# TTC for 1 year with NO BFP- Bummed!



## Lilymomma (Oct 9, 2007)

So, here's the story...

We've been TTC since DD was about 6 months old. She is now almost 19 months old. AF returned at 8-9 months PP, and she weaned from the breast around 14 months... so my AF/Cycles have been fairly regualar, with 27-30 day cycles. I have been charting for a while now, but mostly CM. I did temp for a while, but that was too difficult for me to keep up with, and my charts were all over the place. In the last few cycles, I have not gotten EW CM, so I am not even sure I am O'ing. Now, there is a whole other issue going on at the same time, but i'm sure they are related, connected. I have had 10 UTI's this year (since Jan), been through 10 rounds of antibiotics, which have resulted in roughly 5-6 yeast infections (despite probiotics/kefir/front to back wiping/cotton underwear...) I have also had bacterial vaginosis several times too. Also, I have had a cyst rupture on my ovary (it was a pretty big one too). I have seen ALL sorts of doctors, my midwives, family practice, internal medicine, urologist... Next week, I am having my urethra dilated, in hopes of ending the UTI's. I am doing all things right for preventing the UTI's... cranberry supplements/frequent urination-after sex too/TONS of water (almost 100oz a day now)... Nothing seems to be working in my benefit.

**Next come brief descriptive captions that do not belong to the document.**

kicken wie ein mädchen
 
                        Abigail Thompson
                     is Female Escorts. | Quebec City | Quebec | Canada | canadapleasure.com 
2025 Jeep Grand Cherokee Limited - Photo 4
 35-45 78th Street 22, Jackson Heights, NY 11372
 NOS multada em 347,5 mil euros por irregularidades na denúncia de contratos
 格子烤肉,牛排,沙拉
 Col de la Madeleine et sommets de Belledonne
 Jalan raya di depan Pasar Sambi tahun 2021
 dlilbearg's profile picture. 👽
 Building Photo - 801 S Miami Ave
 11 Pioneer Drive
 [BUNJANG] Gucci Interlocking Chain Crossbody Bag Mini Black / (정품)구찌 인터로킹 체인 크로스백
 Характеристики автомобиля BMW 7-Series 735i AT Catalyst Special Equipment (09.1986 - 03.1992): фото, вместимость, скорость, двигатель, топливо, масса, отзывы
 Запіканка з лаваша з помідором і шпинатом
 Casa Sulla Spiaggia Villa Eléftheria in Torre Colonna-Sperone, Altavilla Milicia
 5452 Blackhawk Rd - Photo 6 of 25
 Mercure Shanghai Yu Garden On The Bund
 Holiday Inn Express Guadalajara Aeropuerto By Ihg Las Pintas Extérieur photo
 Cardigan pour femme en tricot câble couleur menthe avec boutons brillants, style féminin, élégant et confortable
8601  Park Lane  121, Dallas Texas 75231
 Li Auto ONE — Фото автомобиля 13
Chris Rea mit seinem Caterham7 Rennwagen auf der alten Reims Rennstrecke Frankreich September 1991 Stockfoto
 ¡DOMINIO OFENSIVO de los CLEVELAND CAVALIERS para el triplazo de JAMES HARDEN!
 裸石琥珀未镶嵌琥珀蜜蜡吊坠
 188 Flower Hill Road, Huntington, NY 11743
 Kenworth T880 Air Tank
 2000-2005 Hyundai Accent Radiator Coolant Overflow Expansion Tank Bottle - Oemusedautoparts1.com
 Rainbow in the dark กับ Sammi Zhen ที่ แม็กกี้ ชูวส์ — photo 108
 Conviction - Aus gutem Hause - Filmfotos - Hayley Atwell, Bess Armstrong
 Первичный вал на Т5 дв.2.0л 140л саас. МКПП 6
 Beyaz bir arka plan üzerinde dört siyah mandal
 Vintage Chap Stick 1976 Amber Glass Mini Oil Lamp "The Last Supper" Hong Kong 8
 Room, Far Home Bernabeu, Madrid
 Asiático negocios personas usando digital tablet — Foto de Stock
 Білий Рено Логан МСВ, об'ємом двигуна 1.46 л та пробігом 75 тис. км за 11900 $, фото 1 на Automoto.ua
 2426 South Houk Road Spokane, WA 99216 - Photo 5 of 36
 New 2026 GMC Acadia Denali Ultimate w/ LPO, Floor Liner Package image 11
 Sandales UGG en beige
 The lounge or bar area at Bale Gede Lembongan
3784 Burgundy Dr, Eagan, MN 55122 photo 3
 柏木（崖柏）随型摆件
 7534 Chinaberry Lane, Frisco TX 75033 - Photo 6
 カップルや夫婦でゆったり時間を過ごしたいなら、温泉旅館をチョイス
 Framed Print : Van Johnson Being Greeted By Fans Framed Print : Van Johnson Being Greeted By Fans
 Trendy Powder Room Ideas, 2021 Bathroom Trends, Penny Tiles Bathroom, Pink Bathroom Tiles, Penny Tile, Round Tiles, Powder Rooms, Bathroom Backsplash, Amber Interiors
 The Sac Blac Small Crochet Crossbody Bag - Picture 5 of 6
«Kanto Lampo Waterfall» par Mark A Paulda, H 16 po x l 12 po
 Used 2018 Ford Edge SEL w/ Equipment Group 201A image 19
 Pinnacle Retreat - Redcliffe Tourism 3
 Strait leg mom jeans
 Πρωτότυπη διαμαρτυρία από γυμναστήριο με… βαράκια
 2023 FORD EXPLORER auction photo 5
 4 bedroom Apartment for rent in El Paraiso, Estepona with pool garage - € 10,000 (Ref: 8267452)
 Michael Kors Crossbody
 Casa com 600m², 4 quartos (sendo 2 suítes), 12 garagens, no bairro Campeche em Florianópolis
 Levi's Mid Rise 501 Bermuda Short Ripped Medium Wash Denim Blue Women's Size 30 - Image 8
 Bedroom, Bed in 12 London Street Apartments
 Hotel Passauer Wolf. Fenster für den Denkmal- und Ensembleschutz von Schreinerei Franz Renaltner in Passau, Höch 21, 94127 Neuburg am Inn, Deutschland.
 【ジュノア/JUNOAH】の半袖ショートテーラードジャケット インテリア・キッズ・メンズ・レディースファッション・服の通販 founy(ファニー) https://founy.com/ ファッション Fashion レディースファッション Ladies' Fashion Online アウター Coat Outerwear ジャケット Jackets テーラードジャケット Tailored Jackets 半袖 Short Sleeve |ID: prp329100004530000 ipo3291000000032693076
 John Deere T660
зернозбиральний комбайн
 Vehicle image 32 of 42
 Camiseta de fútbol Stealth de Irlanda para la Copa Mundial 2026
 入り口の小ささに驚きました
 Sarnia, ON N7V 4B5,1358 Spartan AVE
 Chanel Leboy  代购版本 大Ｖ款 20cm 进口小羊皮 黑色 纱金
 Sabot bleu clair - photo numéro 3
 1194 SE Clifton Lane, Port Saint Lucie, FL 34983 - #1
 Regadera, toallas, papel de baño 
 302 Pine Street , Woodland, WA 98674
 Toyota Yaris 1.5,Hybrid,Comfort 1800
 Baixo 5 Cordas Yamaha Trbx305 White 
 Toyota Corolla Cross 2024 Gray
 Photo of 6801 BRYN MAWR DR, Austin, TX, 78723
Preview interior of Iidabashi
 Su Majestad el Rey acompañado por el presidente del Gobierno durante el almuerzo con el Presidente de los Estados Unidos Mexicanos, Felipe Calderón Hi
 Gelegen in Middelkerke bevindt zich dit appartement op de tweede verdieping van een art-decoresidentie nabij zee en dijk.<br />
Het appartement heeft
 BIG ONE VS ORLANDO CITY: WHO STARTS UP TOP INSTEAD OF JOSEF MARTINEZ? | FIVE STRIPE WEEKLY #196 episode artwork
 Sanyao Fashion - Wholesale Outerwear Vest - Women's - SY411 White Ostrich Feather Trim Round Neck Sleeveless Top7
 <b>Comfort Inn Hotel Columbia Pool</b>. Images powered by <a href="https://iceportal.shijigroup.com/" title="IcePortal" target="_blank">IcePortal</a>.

We *really* wanted our kids close together, esp. since I am staying home. We wanted to have a light at the end of the financial tunnel someday before we retire. He is working SO hard to keep up with staying home, with the hope of having another baby soon. I really should have returned to work by now to stay on our plan. (what plan? right?)

I've read TCOYF front to back several times now... is it time to see an RE? I have a preliminary appt. with a nurse practitioner to do an "infertility work-up", so I guess this is a starting place... I am just feeling VERY down today about this, being that we missed this month, and that makes it a year!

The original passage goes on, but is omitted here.